** ACTION ITEM **
Write every line below out again exactly, images omitted.

══ THE DATA

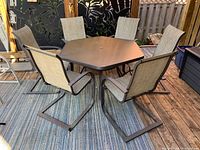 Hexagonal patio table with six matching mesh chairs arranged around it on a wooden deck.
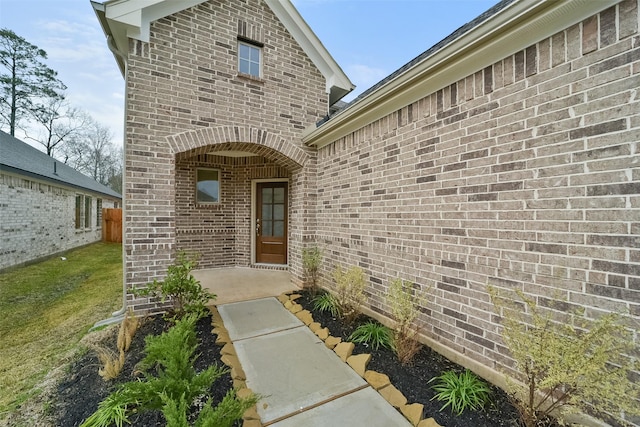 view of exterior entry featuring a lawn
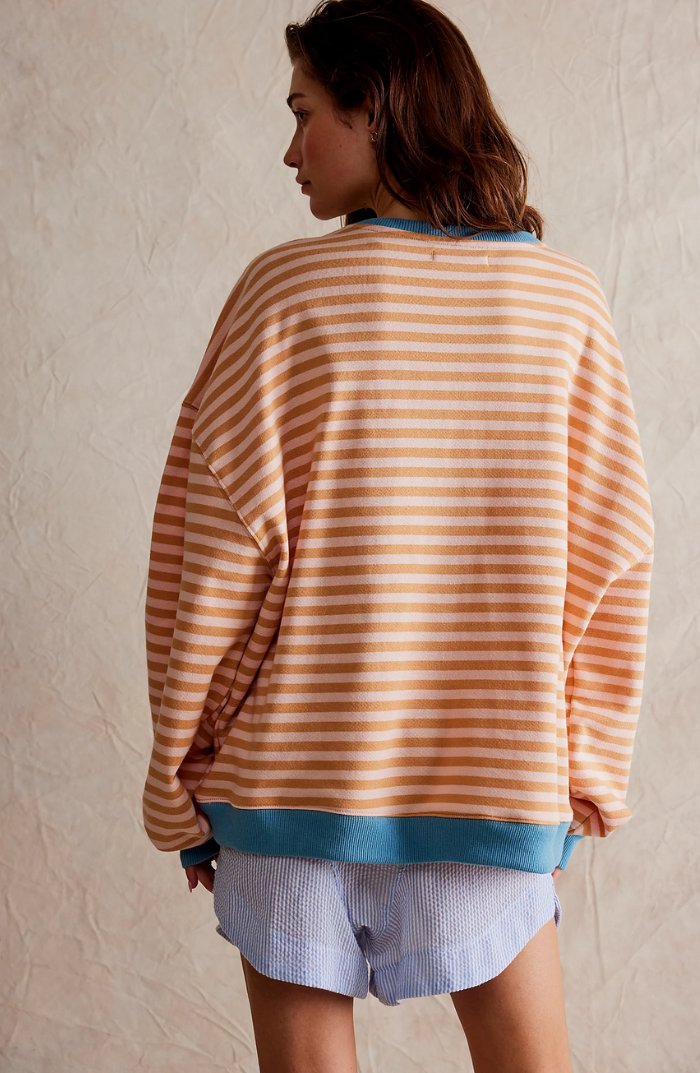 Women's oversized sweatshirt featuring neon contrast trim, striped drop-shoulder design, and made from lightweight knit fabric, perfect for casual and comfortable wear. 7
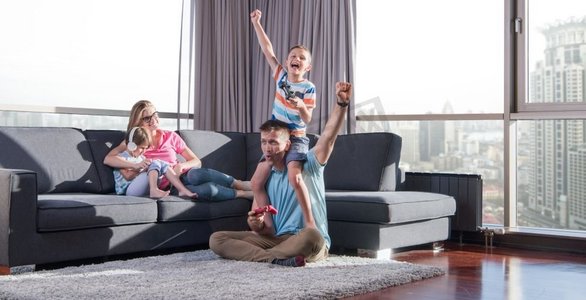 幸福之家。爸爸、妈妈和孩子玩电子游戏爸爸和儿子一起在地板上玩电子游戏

════

** EXERCISE RESPONSE **
 Hexagonal patio table with six matching mesh chairs arranged around it on a wooden deck.
 view of exterior entry featuring a lawn
 Women's oversized sweatshirt featuring neon contrast trim, striped drop-shoulder design, and made from lightweight knit fabric, perfect for casual and comfortable wear. 7
 幸福之家。爸爸、妈妈和孩子玩电子游戏爸爸和儿子一起在地板上玩电子游戏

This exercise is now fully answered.